Hannibal s Elephants

Jena Woodhouse
His vision was epitomised by elephants -
their monumental stamina,
their patience and their fortitude
inured to such vicissitudes
as break down hardened warriors.
They trod the ways of ice for him
as if he were their god.

He dreamed of circumventing
the destruction of a future state
by visiting on Rome the premonition
of his city's fate: Carthage, that Queen Dido
first marked out with oxhide thongs so fine
the local mafiosi matched her guile with real estate.
(Little did he realise that his zeal
would bring about that fate…)

Hannibal, consumed by his hereditary hate
for Rome, found solace in his dreams of home
beneath night's murex-tinted cloak.
He had the perspicacity and strategy
to win outright, but sacrificed the trust
of those he conquered to his ire and spite.
Even the elephants no longer recognised
their lord, the man they'd served and borne aloft
through nightmare scenes his dreams had wrought.
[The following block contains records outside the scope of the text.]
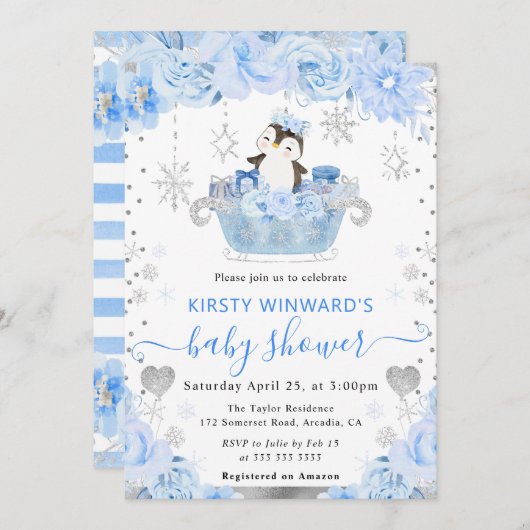 Aquarell Arctic Pinguin Floral Baby Dusche Einladung (Vorne/Hinten)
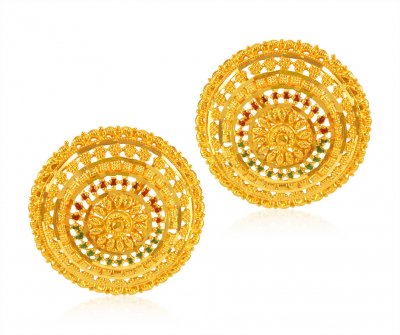 22k Gold  Earrings with MeenaKari ( 22 Kt Gold Tops )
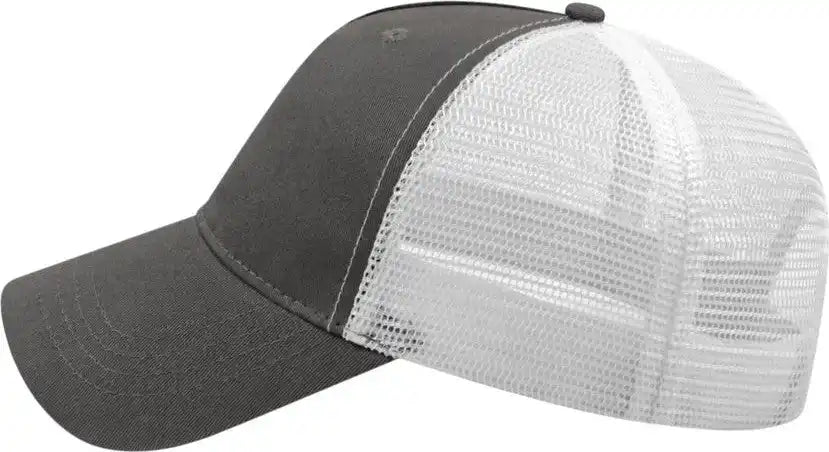 Cap America X600 x Tra Value Five Panel Mesh Back Charcoal White Dark Gray / one Size Fits Most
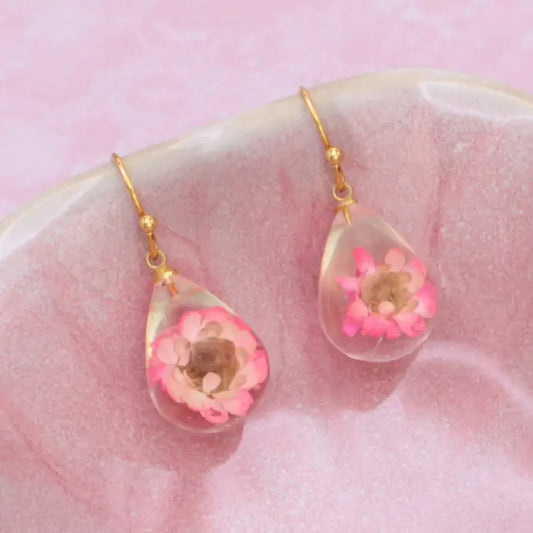 Pink Dried Flower Droplet Earrings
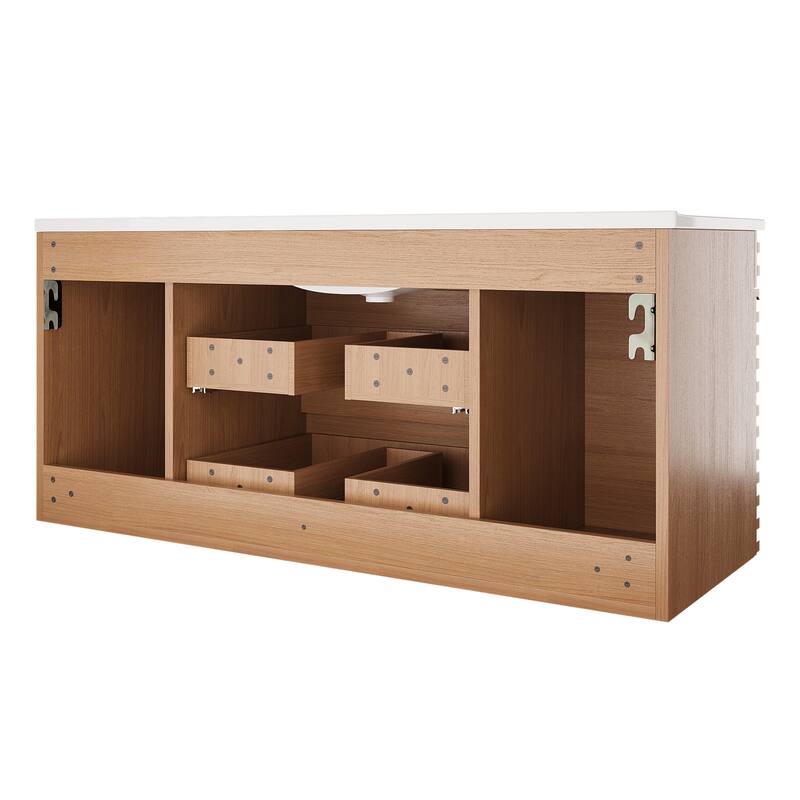 Modland 48" Wall Mount Bathroom Vanity with Ceramic Sink, 2 Soft-Close Drawers & 2 Doors - 48 inch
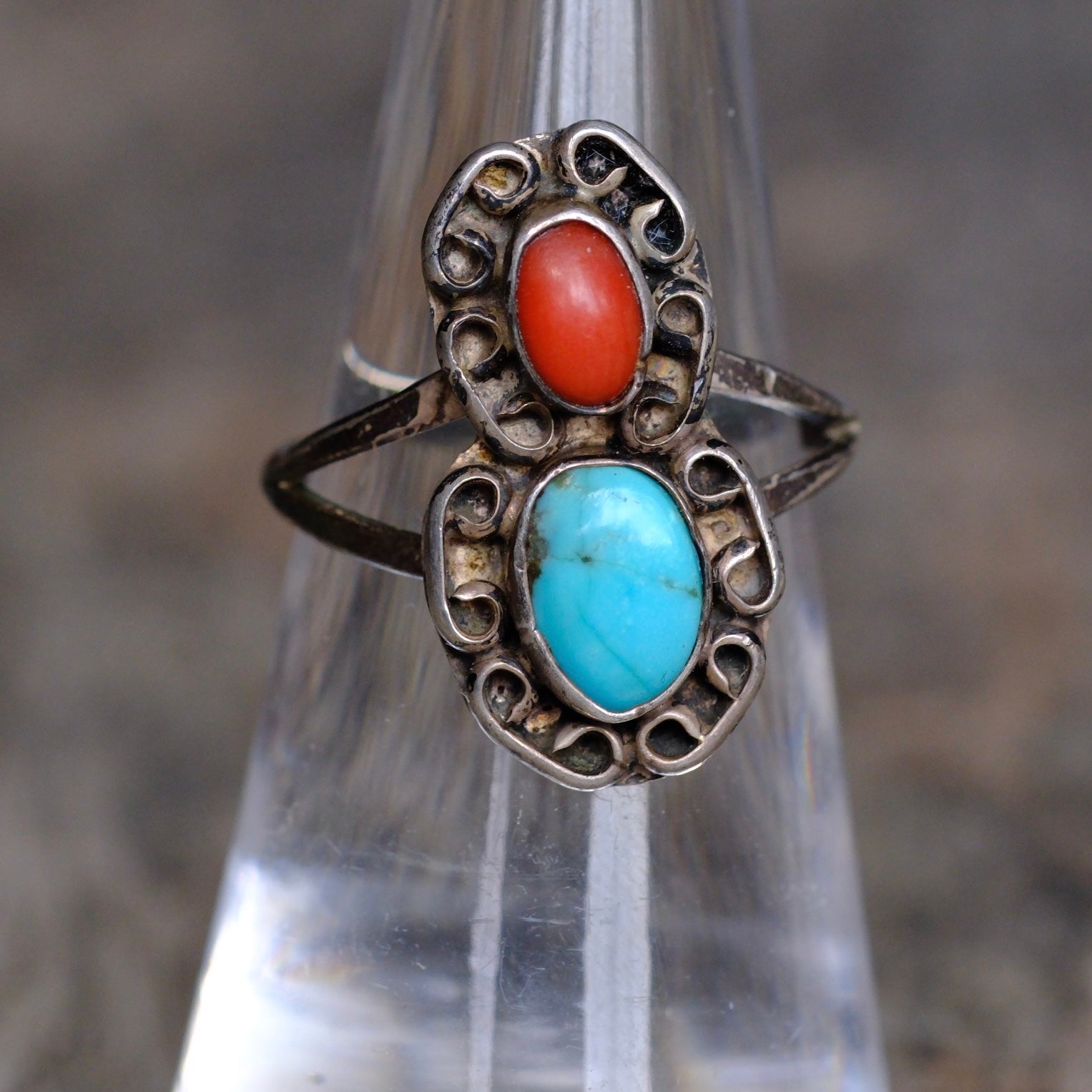 Vintage Sterling Turquoise and Coral Ring 5.75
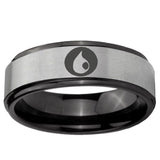 6mm Magic Gathering Black Step Edge Gray Tungsten Carbide Men's Band Ring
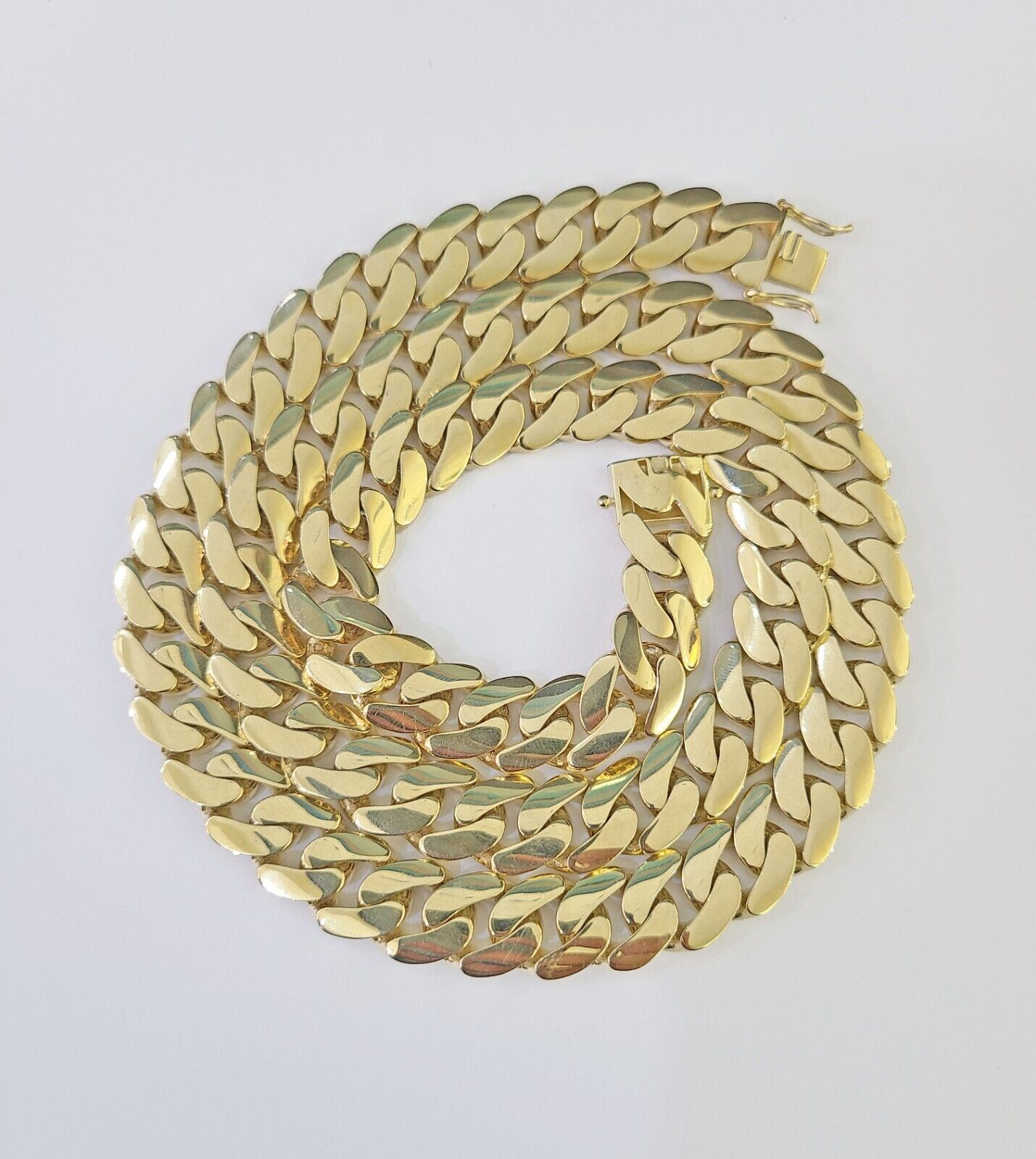 Real 10K Royal Monaco Chain Box Clasp 11mm Gold Necklace 10Kt 24" Genuine - GoldenlinQ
Scipio was waiting, and the torment
in the mammals' brains, memories of unrelenting
inhumanity and pain, blinded them to technical
distinctions between friend and foe:
it had become the same cruel game of mortal woe.
History claims the elephants were panicked
by the Roman force, and, run amok against their host,
wreaked havoc upon Hannibal.

Enduring the long exile that ensued for him,
did he reflect that animals are sickened
by the deeds of men; did his cortex
yield the thought that elephant intelligence
is outraged by men's ruthlessness,
and stampedes from such brutal acts?

Carthage, history suggests, was razed
because of Hannibal. The records make
no mention of what lot befell his elephants.